August 21 1959
The San Francisco Examiner, San Francisco, California, Friday, August 21, 1959
See Pictorial Living For Chess By Master
For the chess players—
A witty article by San Francisco lawyer, Charles Bagby, chess master and champion of California, appears in Pictorial Living with Sunday's Examiner. Original b/w photography by Eugene Anthony.
In addition, Pictorial Living photographers invaded the chess and checker room of the Nation's oldest club, said Mechanics Institute.
You'll also see photographs of rare collectors' item chess sets.
Be sure to read “The Chess Men—A Piece of Mind,” in Pictorial Living Magazine with Sunday's Examiner.
August 23 1959
The San Francisco Examiner, San Francisco, California, Sunday, August 23, 1959
Charles Bagby studies the chess board, set with chessmen over a half century old, and carved from tough lignum vitae wood.

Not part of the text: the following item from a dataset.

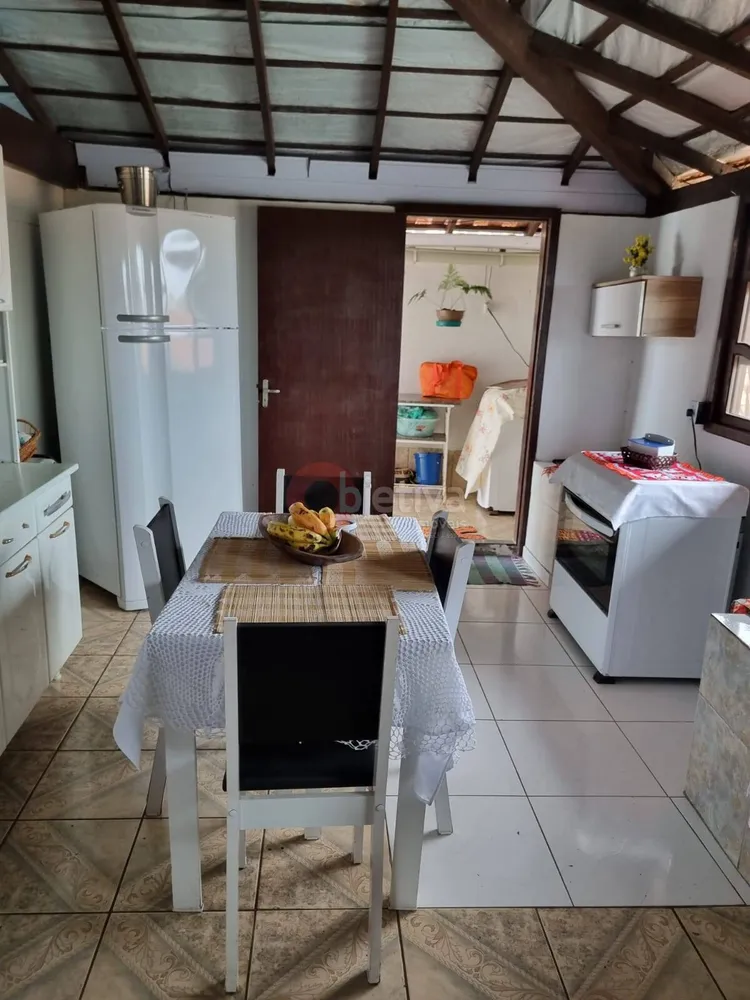 Casa, 12 quartos, 267 m² - Foto 20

San Francisco lawyer Charles Bagby is a chess master and Champion of California as well as vice president of the Mechanics Institute whose chess club is the country's oldest.
The Chess Men-A Piece Of Mind
By Charles Bagby
Over a century ago there appeared in England chess sets of a design that bears the name of Howard Staunton, a noted player of that day. They are of graceful aspect, and especially pleasing are the hand carved knights with spirited horses' heads derived from the Parthenon frieze. These pieces, traditionally made of boxwood, when carved and polished are rich and close grained, a delight to the eye and sensuous to the hand. The Queen in Tenniel's illustration of Lewis Carroll's “Alice” is a Staunton piece.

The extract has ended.